Time to Get Serious about Food Suggests Panelists at IBPW Annual Event

By Diana Rohini LaVigne

Special to India-West

The Indian Business and Professional Women organization and Silicon Valley Reads hosted their annual book reading event at the India Community Center on Sunday. The topic focused on the content of New York Times bestseller “In Defense of Food: An Eater’s Manifesto” written by Michael Pollan. The panelists discussed nutrition and its intersection with lives of American eaters. Panelists included Lisa Richardson, MA, Registered Dietician; Liz Kniss, SCC Board of Supervisor, District 5; Ashish Mathur, Co-Founder and Executive Director, South Asian Heart Center; John Silveira, Director, Pacific Coast Farmers’ Market Association and was moderated by the author of My Half of the Sky, Jana McBurney-Lin.

Being hosted in California, the most food regulated state in the nation, Silveira made it clear we are a privileged state in terms of the high level of access we get to fresh food and that California is considered a shipping state which means we produce more than we can consume. Californian’s have better opportunities than most of the country when it comes to food choices.

But does this translate into Californians making better food choices?

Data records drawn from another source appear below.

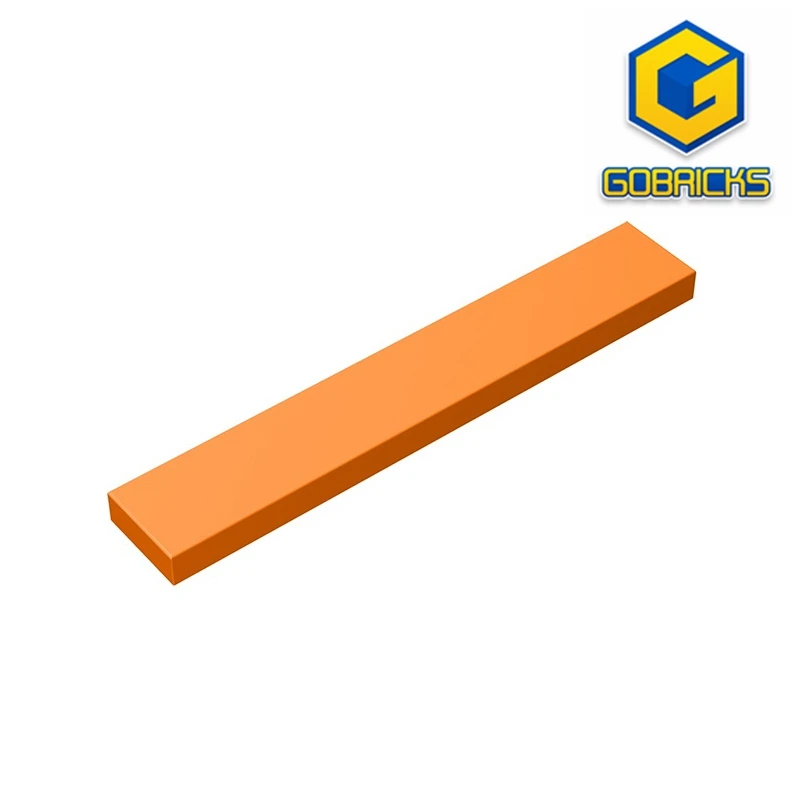 Gobricks GDS-564 Tile 1 x 6 co - Diy Lego Electronics recension och pris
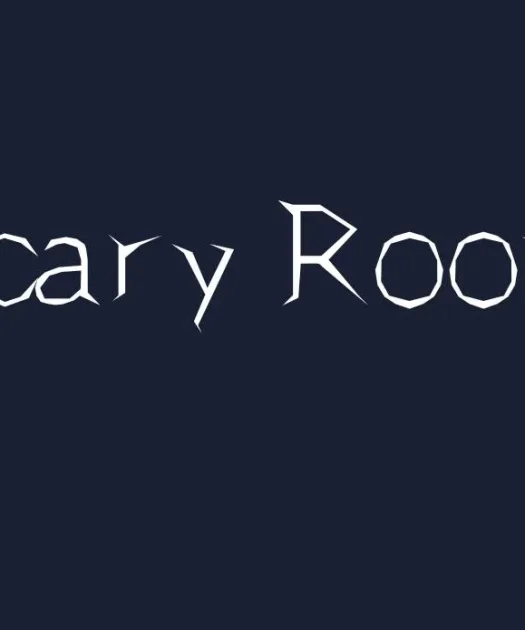 Scary Roots Font Free Download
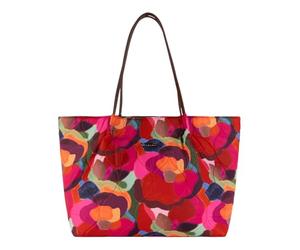 Oilily Schultertasche Sionn Shopper True Red bunt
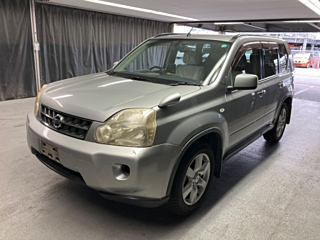 NISSAN X-TRAIL 2009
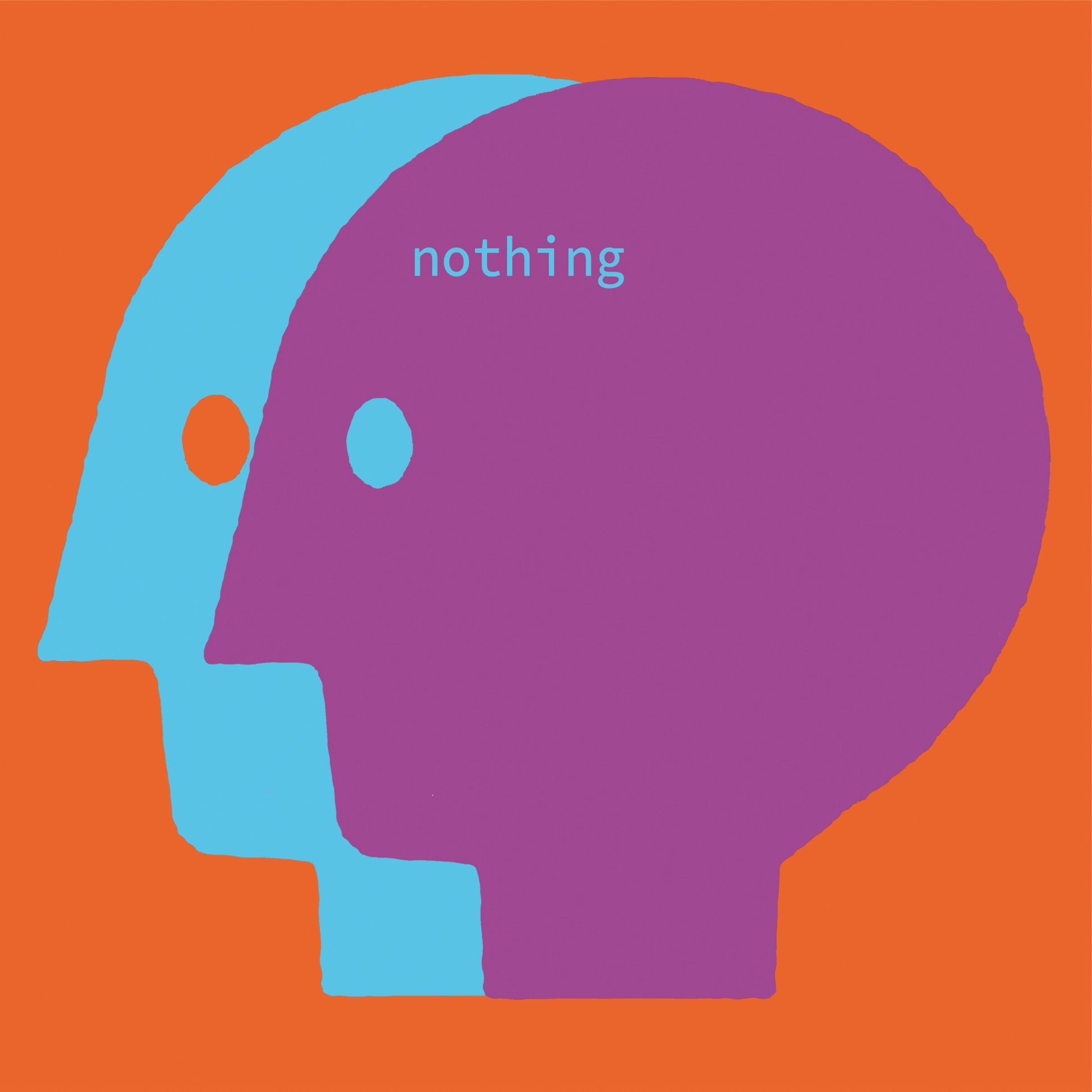 A Certain Frank - Nothing Album Cover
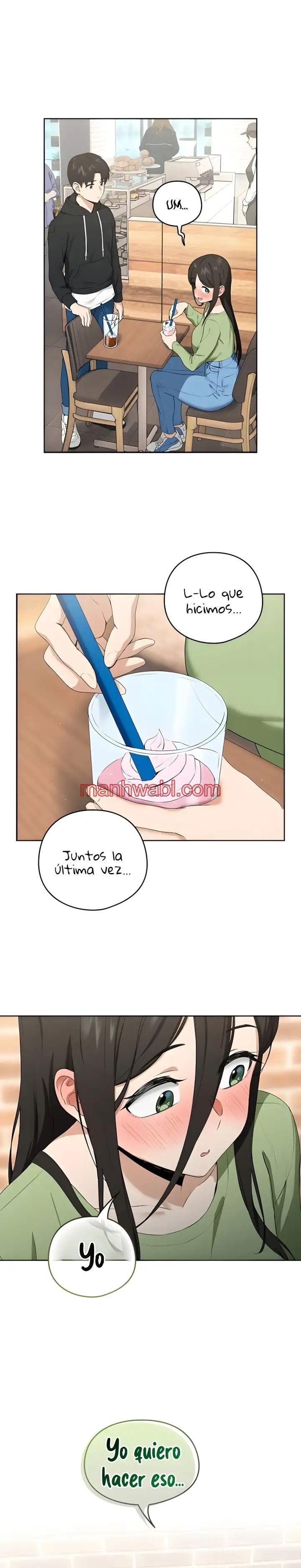 Relaciones amorosas despues del trabajo Sin Censura - Capítulo 4_3 manhwa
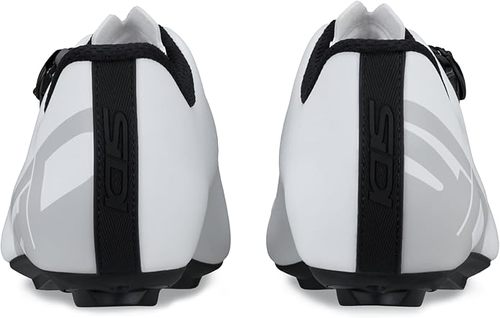 נעלי רכיבה לאופני כביש סידי לבן - SIDI FAST2 ROAD SHOES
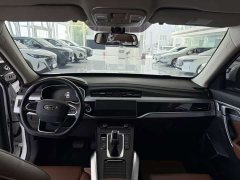 Geely 1.8TD DCT2WD Edition - фото 7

Panelist agreed that culture and habit tended to have a bigger impact outcome than the availability of choices. Kniss, who grew up on a farm, added, “No matter what culture you grew up in, food is a very defining cultural medium. The cultural aspect of eating is very important.” She also spoke about the dilution of the family meal from a time of talking, sharing and relaxing to a time of catching up on television and trying to be highly optimized in getting your food intake as quickly and easily as possible. It is a big shift and often can’t provide families with the proper nutrition needed for good health.

Silveira commented, “It isn’t practical to require everyone to shop at just Farmer’s markets because our most precious commodity today is time. Shopping takes time. We need to reprioritizes our lives so food is takes precedence.”

Richardson was cautious about the way we went about changing our habits and noted a new emerging condition coined orthorexia nervosa which is the excessive focus on eating healthy foods. She doesn’t encourage getting overly stressed about food because it will compound any existing health issues. “If you were a perfect eater, nobody would like you anyways,” said this nutritionist with a chuckle.

The book’s practical advice gave simple ways to make changes in your eating. Eating foods with only five ingredients or less, avoiding foods with ingredients your great grandmother wouldn’t recognize and shopping around the edges of your local grocery (eg buying fresh food, not the more processed food in the center isles) are ways to make a difference.

Silveira offered another change to make. “The right thing to do is to know where your food is coming from.” Another modification he suggested was to eat what’s in season.

“We’ve really gotten lazy about food these days, so we now seek out what is most convenient,” Kniss added. This is rarely the healthiest path to follow.

But it was Mathur’s shocking statistics that left the room, filled with a majority of Indians, speechless, “South Asians have four times the risk as others of getting heart disease. And it is entirely preventable.”

He suggested the book offered some new ways to think about food consumption. “The author in the book said ‘Think of food, not food products.’ which is something that really jumped out at me. It makes sense,” Mathur noted. If it’s got a label, don’t eat it was another saying he attributed to a doctor working with him at the South Asian Heart Center.

At the end of the day, there are foods which might taste delicious but will never be healthy for you. Although Mathur says a samosa can be reduced from its typical heavily fried 800+ calorie form to a more healthy food, things like Gulab Juman don’t have any known healthy alternatives.

Mathur warned, “Most South Asians believe because they are vegetarians, they are eating healthy. But an Indian vegetarian diet is not based on vegetables. It is a grain based diet with staples like rice and roti. Any vegetables added are often overcooked which significantly decreases any nutrients in them.”

Silveira told India-West, “Our food system is at risk but it won’t go away if we support it.” His message is support the local farmer.